Task objective:
Only the lines from the one containing "Thumbnail: Women's Columbia" through the last line of the entries are wanted. Transcribe them exactly.

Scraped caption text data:
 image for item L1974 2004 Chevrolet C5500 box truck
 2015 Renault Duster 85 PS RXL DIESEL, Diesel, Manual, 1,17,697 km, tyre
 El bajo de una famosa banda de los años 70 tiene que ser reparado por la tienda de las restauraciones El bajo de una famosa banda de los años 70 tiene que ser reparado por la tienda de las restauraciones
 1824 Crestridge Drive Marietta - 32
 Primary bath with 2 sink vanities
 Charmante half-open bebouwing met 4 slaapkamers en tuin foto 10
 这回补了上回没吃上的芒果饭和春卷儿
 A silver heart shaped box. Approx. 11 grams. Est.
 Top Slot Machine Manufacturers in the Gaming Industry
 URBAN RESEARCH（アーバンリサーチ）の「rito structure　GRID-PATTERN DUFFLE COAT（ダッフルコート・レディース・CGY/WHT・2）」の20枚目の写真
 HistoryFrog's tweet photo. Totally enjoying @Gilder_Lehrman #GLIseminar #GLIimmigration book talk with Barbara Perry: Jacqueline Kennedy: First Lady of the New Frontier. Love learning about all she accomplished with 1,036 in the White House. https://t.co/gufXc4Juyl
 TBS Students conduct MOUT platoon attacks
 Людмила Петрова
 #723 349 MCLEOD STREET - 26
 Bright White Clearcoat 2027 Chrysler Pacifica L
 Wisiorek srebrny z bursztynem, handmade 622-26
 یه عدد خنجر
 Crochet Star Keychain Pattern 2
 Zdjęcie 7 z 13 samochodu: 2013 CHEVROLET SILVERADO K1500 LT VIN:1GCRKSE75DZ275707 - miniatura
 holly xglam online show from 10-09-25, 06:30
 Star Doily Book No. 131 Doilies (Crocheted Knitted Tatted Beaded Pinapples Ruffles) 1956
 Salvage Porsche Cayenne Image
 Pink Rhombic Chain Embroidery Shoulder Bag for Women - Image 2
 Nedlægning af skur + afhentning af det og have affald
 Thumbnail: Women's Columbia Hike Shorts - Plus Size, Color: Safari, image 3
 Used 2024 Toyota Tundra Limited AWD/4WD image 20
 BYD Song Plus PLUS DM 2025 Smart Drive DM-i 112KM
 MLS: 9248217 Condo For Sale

Answer:
 Thumbnail: Women's Columbia Hike Shorts - Plus Size, Color: Safari, image 3
 Used 2024 Toyota Tundra Limited AWD/4WD image 20
 BYD Song Plus PLUS DM 2025 Smart Drive DM-i 112KM
 MLS: 9248217 Condo For Sale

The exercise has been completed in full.